There is escalating anger and resistance amongst sections of the local Indigenous community to a government attack on an Aboriginal school in Melbourne. Ballerrt Mooroop College is the only school in Melbourne explicitly for Indigenous students. In operation since 1996, it runs with the assistance of minimal government funding, and is now is having part of its school grounds appropriated for another school (Glenroy Special School).
Apparently the previous principal of Ballerrt Mooroop College (an Indigenous person) acted against the wishes of the local community. The agreement to let the government use their land was done in a deceptive way, without fully consulting with the school community.
The situation is an attack on one of the few
institutions in Melbourne that nurture Aboriginal culture. It represents a continuation of the same ideology behind the Northern Territory Intervention which was introduced by the Howard government in 2007, and has continued with equal vigour under Labor.
The attack on Aboriginal education is an act of cultural genocide, and the attack on an Aboriginal-run school is also an attack on self-determination. In this case, the school has been undermined by a sustained period of inadequate funding, and it has also succumbed to devious bureaucratic manoeuvres to sign away the land without the full participation of the community.
In the last few days, members of the school community
have been protesting and conducting a sit-in at the school gymnasium. This is the first building that is to be demolished to make way for the facilities of the special school, in this case a parking lot. The protesters have successfully halted the demolition, and there are negotiations with CFMEU officials to exert influence on the building work at the site.
The school is also reaching out for support from outside their community. They called a protest on Wednesday 24 November and on 26 November held a meeting so people could network and discuss strategy.
Defenders of Ballerrt Mooroop College are justifiably asking why the special school had to be built on one of the few areas of Aboriginal-controlled land that exist in Melbourne. They are asking why it cannot be built on the site of the soon-to-be-vacated Glenroy Primary School. There are also suggestions that the special school’s existing site could be adequately redeveloped to their needs with proper funding.
There is an emerging political framework which is counterposing the demands of the two schools, forcing them into competition with each other. Both schools require decent resources and space to conduct their teaching. Both are schools that service highly marginalised and under-resourced communities in Australian society. It is important to reject the idea that they are pitted against each other, and that one of them has to lose out.
The Glenroy Special School deserves quality facilities and adequate funding to run the school.Ballerrt Mooroop College is entitled to control all of its land and have full access to resources to conduct the education of their students in whatever way they see fit.
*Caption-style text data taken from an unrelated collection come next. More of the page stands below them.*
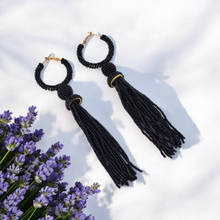 Load image into Gallery viewer, Elegant Black Beaded Hoop Earrings with Tassel Detail
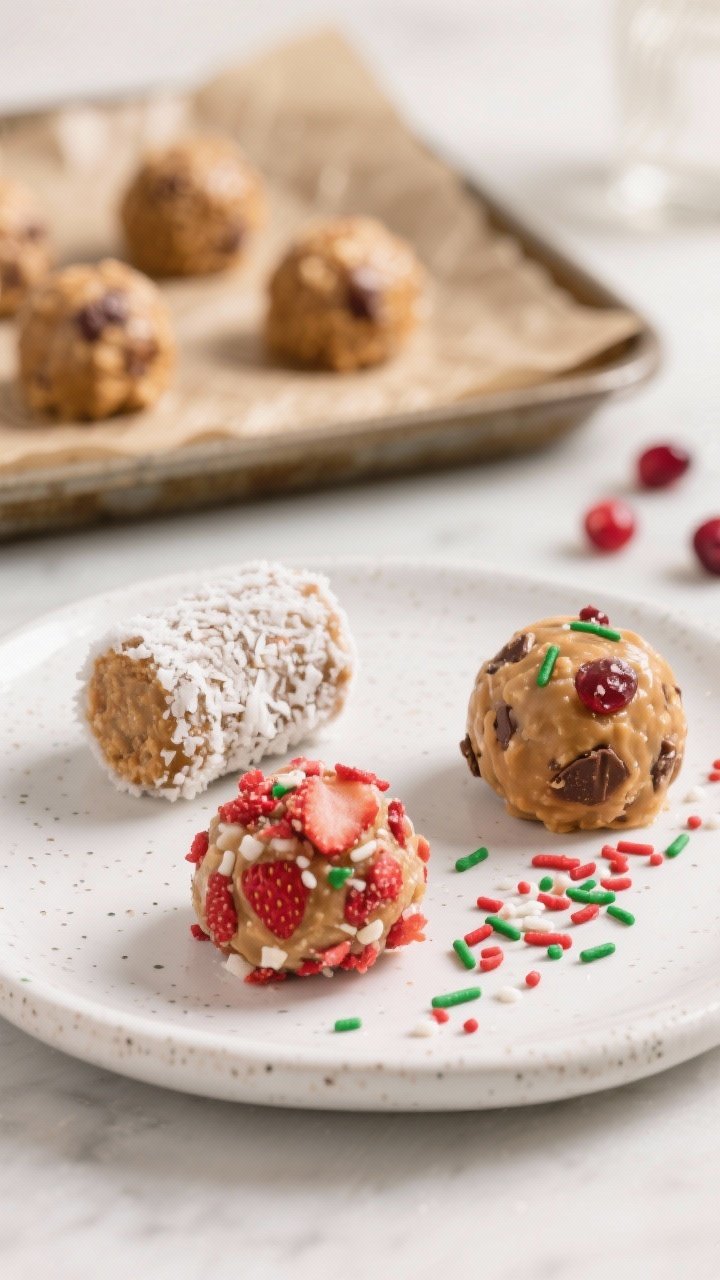Final presentation: Beautifully plated trio of finished energy bites on a small white stoneware plat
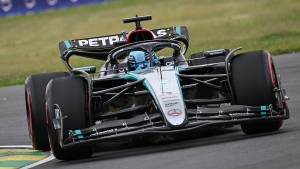 Mercedes driver George Russell of Great Britain drives through the Senna corner during qualifying at the Formula One Canadian Grand Prix in Montreal, Saturday, June 8, 2024. THE CANADIAN PRESS/Graham Hughes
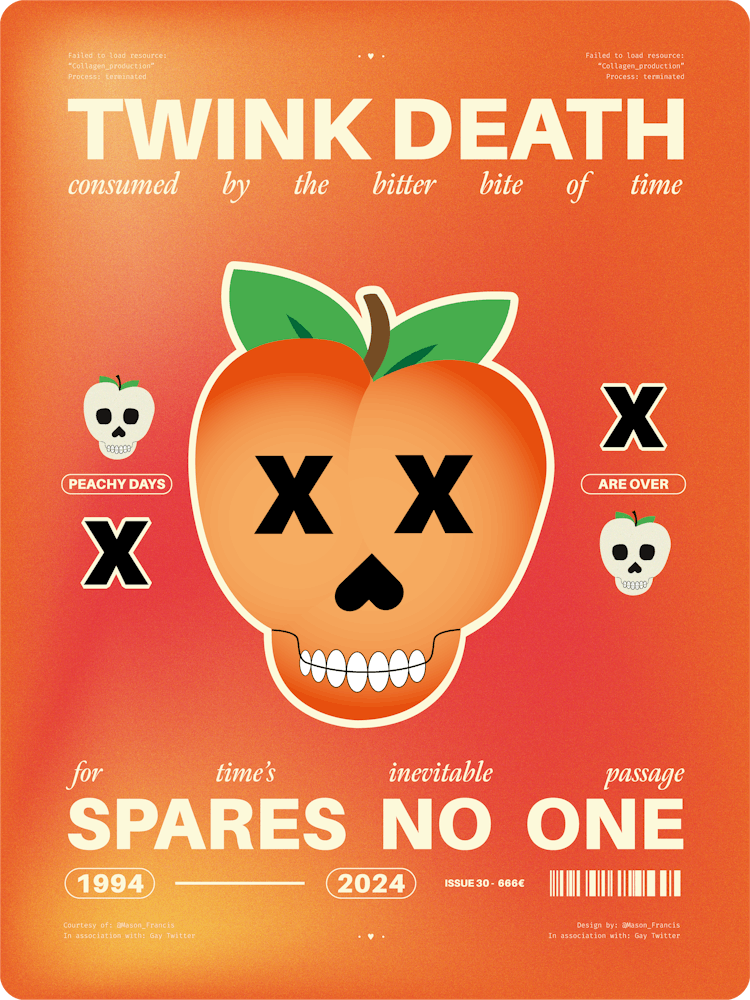 Twink Death - Peach Skull Face LGBTQ+ Poster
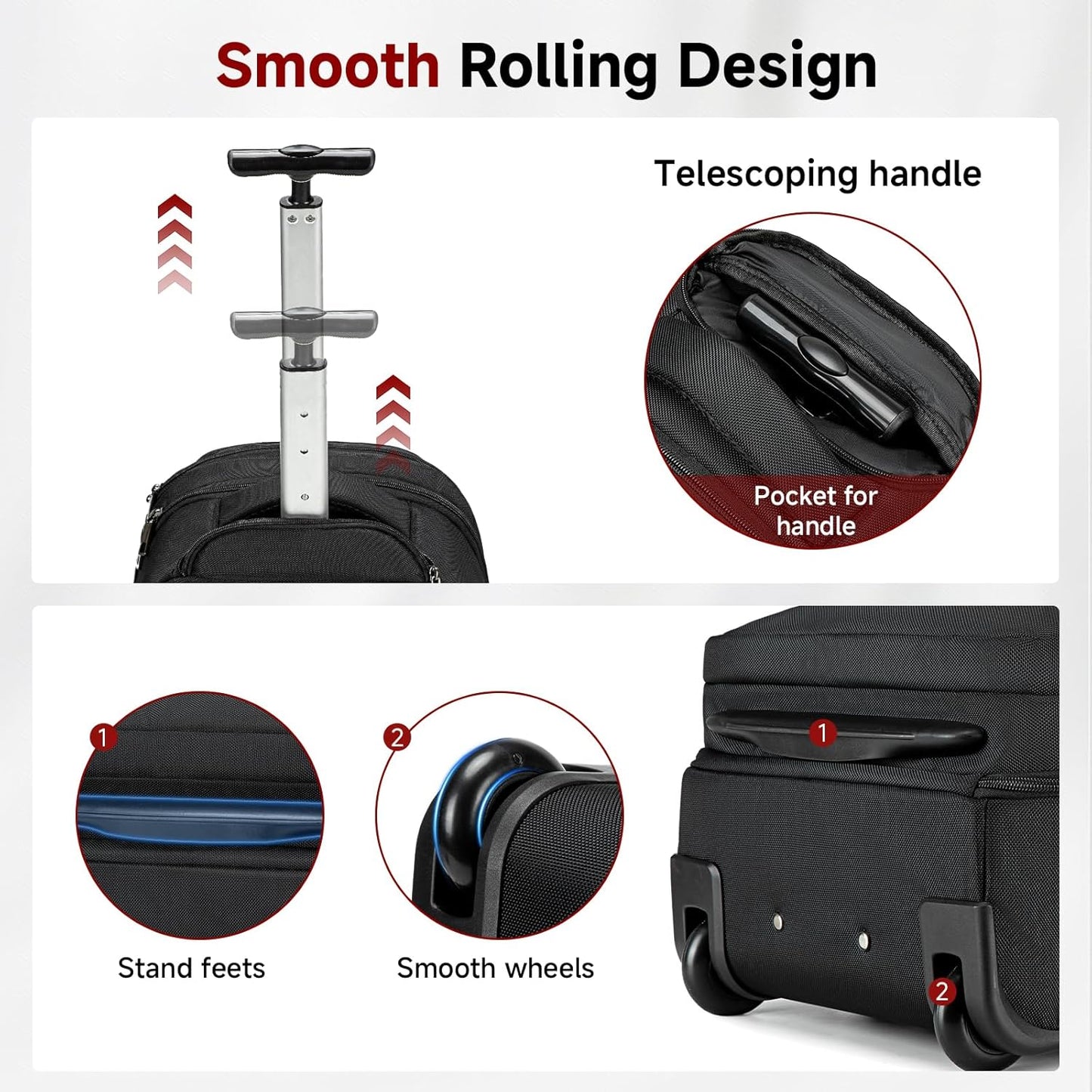 Rolling Backpack for Women Adults with wheels, 17.3 Inch Laptop Backpack Bag with Wheels for Travel Work Business (1Pc Black Backpack with 3 Packing Cubes)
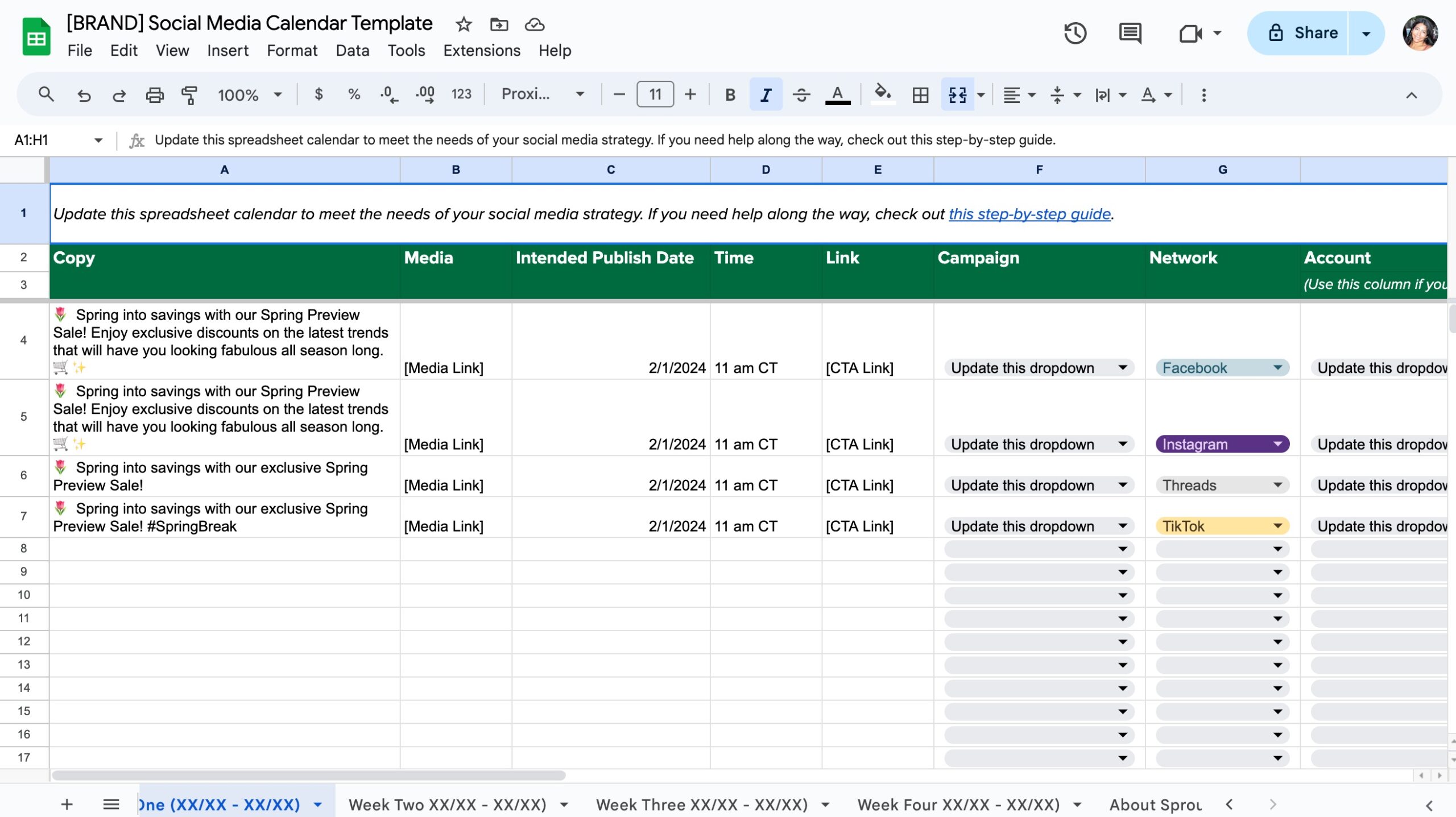 The social media calendar template open in Google Sheets. 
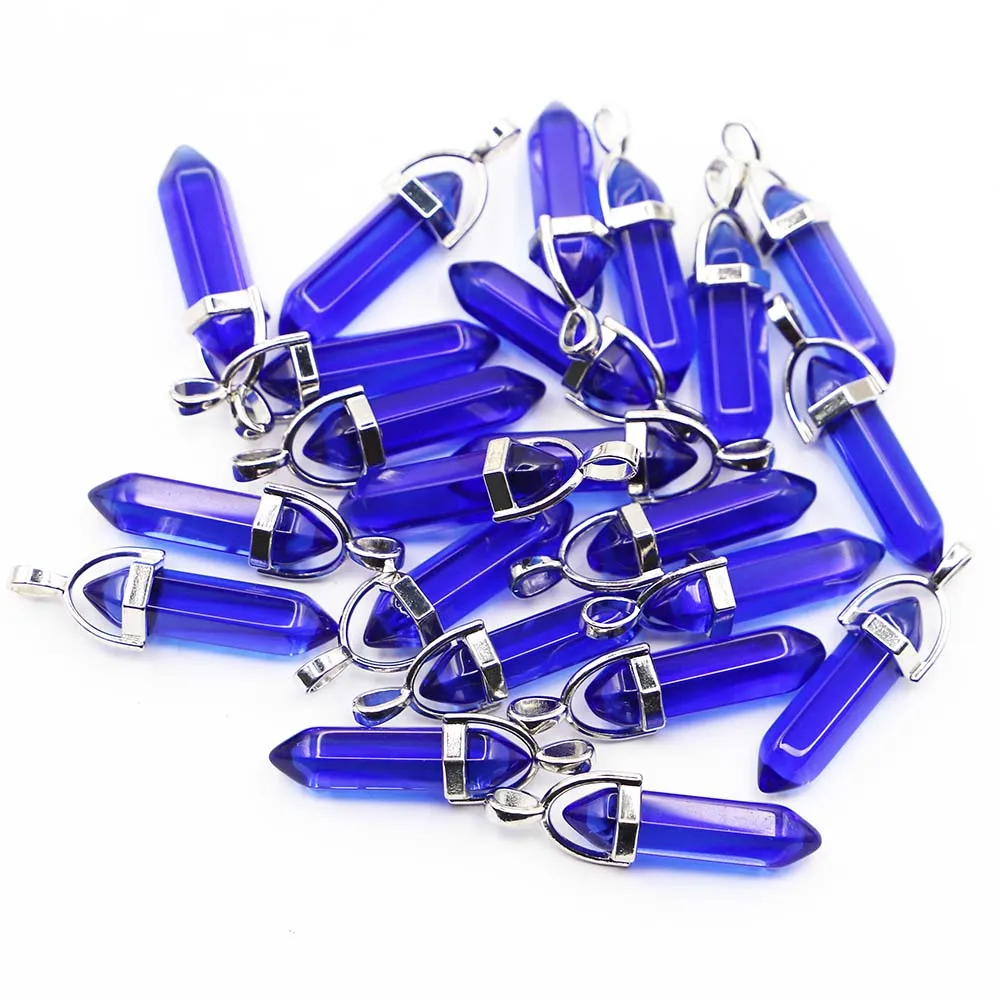 Quality Natural Agate Glass Multicolor Point Pillar Necklace Pendant Fashion Bracelet Jewelry Making Accessories Wholesale 30Pcs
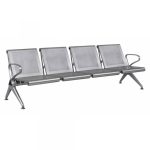 Panca 4 Posti in Acciaio Forato Grigio cm 232 X 64 X H 76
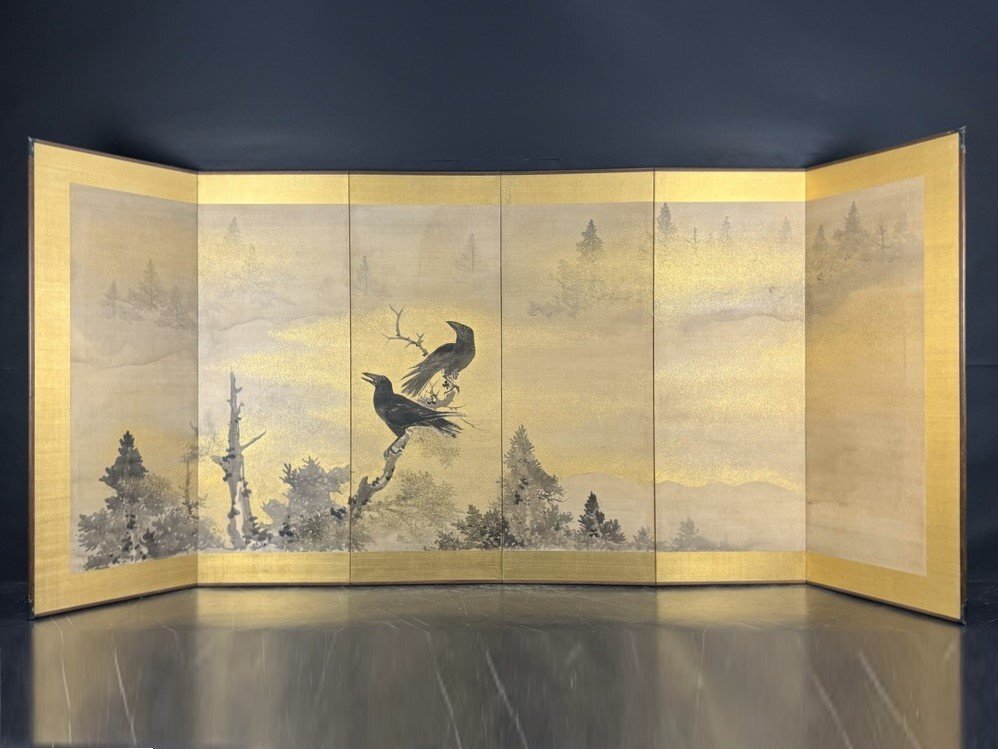 都屋】11 塩川文麟 筆 金砂子 楼閣山水図 屏風 高さ 約171.5 都屋】11 塩川文麟 筆 金砂子 楼閣山水図 屏風 高さ 約171.5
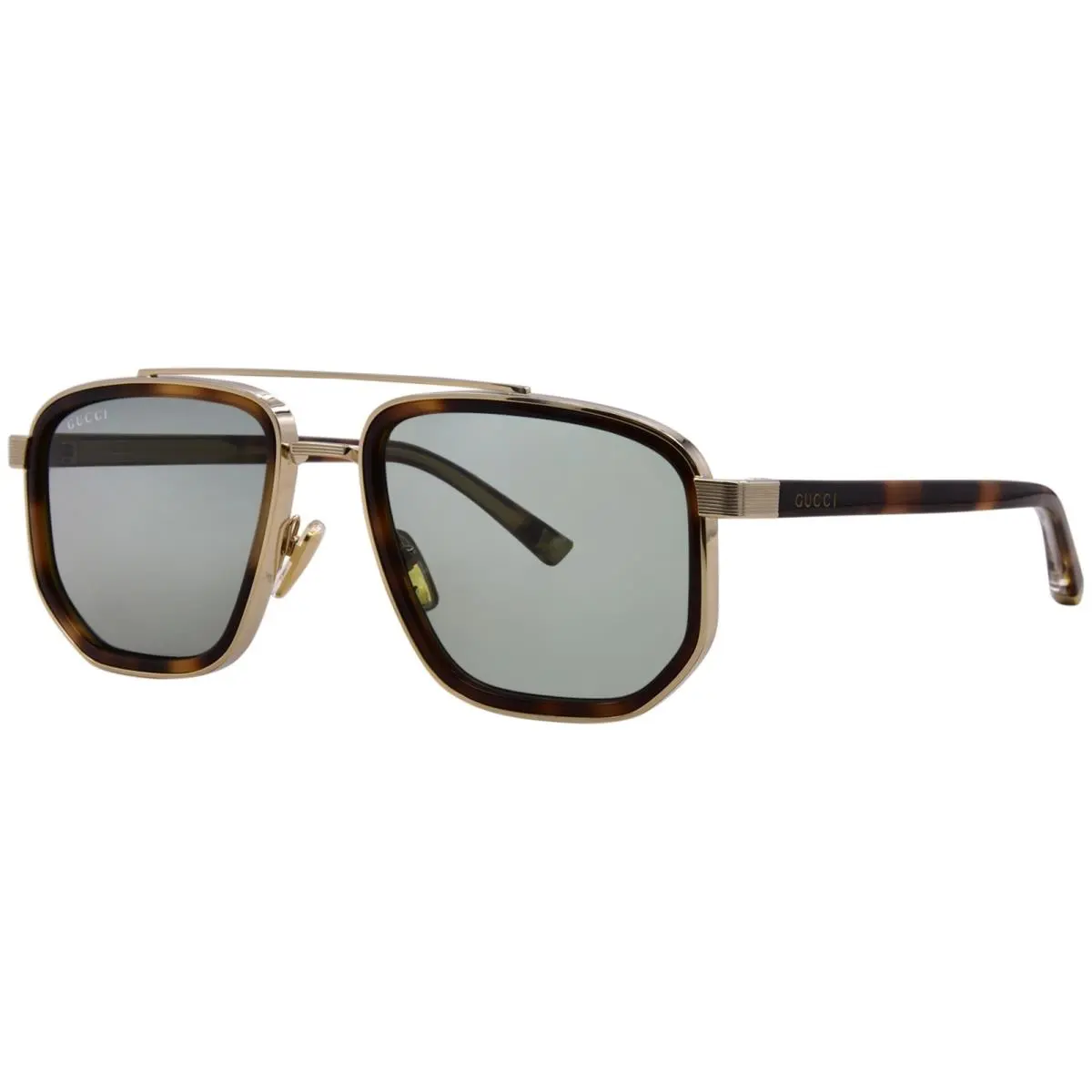 GG2073S 003 Sunglasses Men`s Gold/havana/green Lenses Pilot Style 55mm by Gucci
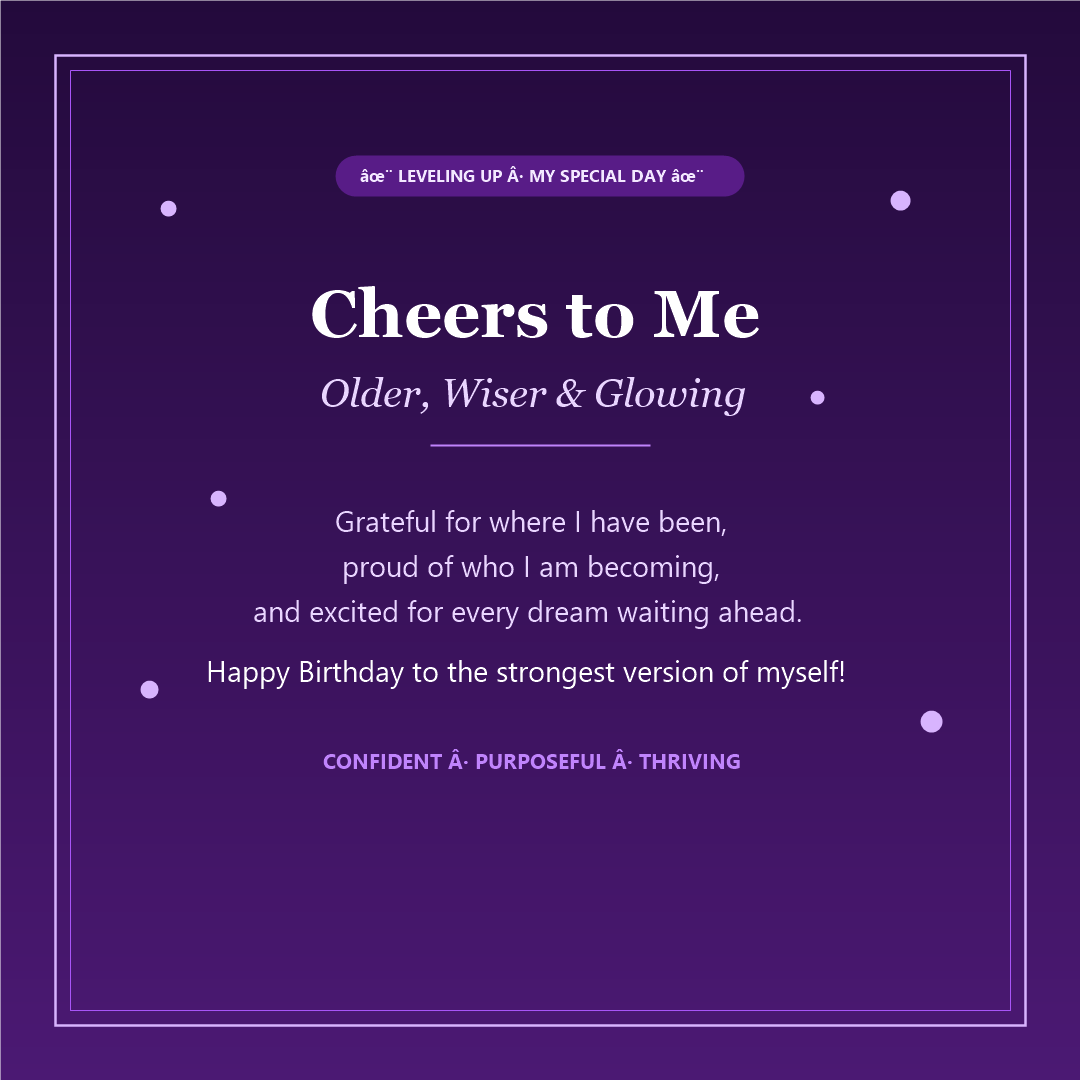 Royal purple and lavender Happy Birthday to Me card - Older wiser and glowing into my new chapter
However, this is far from the reality, and the school has never been adequately funded. It has never been given the appropriate level of public support to achieve what it set out to do – a recurring scenario with projects that are Aboriginal-run, for Aboriginal people.
The government provides a drip feed of cash,
with constant promises that they will provide massive injections in funding for social services. It never happens. And now, only a few short years since Aboriginal organisations managed to exert any form of self-determination, we see the government blame Aboriginal people themselves for the less than amazing outcomes. Their lackeys in the media proclaim the “self-determination experiment” failed, and what follows is the re-emergence of 1930s-style assimilationism.
The demolition of the gymnasium is scheduled for Friday, 17 December 2010 and we encourage all those who are able to picket to stop the bulldozers to defend the school on this day.